Terminé la primaria y cursé la secundaria en CEPAC, una etapa clave en mi formación. Fue ahí donde tuve mi primer acercamiento real con la robótica y las ciencias, y donde comencé a descubrir qué era lo que realmente me movía. Siempre me atrajeron la tecnología y las ciencias naturales, y en ese punto entendí que quería dedicarme a la ingeniería biomédica, una carrera que combinaba todo lo que me interesaba: ciencia, tecnología y el impacto en la vida de las personas.
Uno de los eventos más importantes de mi infancia fue un viaje a Disney con mi familia. Más allá del destino, fue una experiencia que fortaleció nuestros lazos y se convirtió en uno de esos recuerdos que se quedan por lo que representan, no solo por el lugar. Mi familia está conformada por mis papás y mi hermana, quienes siempre han sido mi apoyo, mi base y un punto constante de seguridad en cada etapa de mi vida.

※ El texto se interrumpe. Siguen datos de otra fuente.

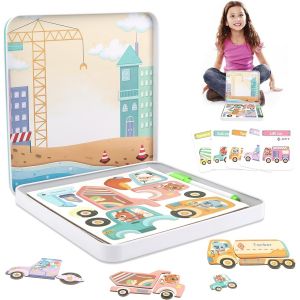 KAL-Puzzle Magn&eacute;tique, Jouet Magn&eacute;tique De Dessin Anim&eacute;, Jouet Pour Enfants, Jeu &Eacute;ducatif, Jeu Magn&eacute;tique Pour Enfants, Gar&ccedil;ons, Filles &Acirc;g&eacute;s De 3, 4, 5 Ans - Neuf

Más adelante ingresé a PrepaTec, un cambio importante tanto académico como personal. Ahí conocí gente nueva, hice amigos, aprendí cosas dentro y fuera del salón y me permití probar talleres y clases que ampliaron mi perspectiva. Siempre fui una persona reservada, pero la preparatoria me ayudó a desenvolverme, a abrirme a nuevas experiencias y a construir relaciones significativas. Hoy, estando a punto de graduarme, reconozco cuánto crecí en este proceso y cómo cada etapa me fue llevando, poco a poco, a la persona que soy ahora.